→ **RECORDS SUPPLIED**
++++++++++

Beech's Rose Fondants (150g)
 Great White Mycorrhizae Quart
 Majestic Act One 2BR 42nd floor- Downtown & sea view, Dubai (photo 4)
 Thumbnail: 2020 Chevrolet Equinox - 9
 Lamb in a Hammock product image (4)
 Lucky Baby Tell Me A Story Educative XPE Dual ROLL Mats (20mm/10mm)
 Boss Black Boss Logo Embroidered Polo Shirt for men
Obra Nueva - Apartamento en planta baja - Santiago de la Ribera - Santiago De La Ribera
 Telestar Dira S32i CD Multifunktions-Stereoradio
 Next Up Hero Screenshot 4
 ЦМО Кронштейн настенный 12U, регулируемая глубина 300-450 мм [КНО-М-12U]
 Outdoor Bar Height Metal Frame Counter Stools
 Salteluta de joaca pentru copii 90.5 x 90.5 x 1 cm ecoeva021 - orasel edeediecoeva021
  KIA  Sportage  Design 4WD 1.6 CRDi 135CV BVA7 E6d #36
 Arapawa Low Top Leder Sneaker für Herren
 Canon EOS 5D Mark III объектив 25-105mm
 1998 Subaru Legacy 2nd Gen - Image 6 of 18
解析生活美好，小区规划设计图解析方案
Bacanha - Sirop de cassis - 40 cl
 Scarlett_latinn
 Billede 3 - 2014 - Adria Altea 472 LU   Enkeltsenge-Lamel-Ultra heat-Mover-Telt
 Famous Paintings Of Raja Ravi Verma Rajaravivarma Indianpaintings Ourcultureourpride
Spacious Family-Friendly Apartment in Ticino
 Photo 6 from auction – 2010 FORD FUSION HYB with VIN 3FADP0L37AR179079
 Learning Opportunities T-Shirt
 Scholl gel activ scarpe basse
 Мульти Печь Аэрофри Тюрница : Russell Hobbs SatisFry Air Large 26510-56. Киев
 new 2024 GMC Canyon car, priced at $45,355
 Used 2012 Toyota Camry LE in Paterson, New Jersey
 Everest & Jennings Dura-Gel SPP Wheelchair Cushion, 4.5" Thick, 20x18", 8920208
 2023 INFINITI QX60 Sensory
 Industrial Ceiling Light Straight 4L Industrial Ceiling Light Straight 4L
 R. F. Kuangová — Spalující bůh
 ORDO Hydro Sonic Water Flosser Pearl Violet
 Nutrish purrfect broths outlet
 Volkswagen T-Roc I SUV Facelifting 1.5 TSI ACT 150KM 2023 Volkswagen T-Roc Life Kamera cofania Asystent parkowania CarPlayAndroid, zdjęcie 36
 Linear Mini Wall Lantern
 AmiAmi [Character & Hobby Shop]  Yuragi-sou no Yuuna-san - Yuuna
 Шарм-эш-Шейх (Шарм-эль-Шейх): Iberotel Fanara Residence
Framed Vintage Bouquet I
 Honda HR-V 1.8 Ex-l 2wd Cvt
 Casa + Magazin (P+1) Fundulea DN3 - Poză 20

++++++++++

Find "Thumbnail: 2020 Chevrolet Equinox - 9" in the entries above and copy that whole line exactly, then each line after it through the line that contains "Next Up Hero Screenshot 4".

→ **RESPONSE TO THE TASK**
 Thumbnail: 2020 Chevrolet Equinox - 9
 Lamb in a Hammock product image (4)
 Lucky Baby Tell Me A Story Educative XPE Dual ROLL Mats (20mm/10mm)
 Boss Black Boss Logo Embroidered Polo Shirt for men
Obra Nueva - Apartamento en planta baja - Santiago de la Ribera - Santiago De La Ribera
 Telestar Dira S32i CD Multifunktions-Stereoradio
 Next Up Hero Screenshot 4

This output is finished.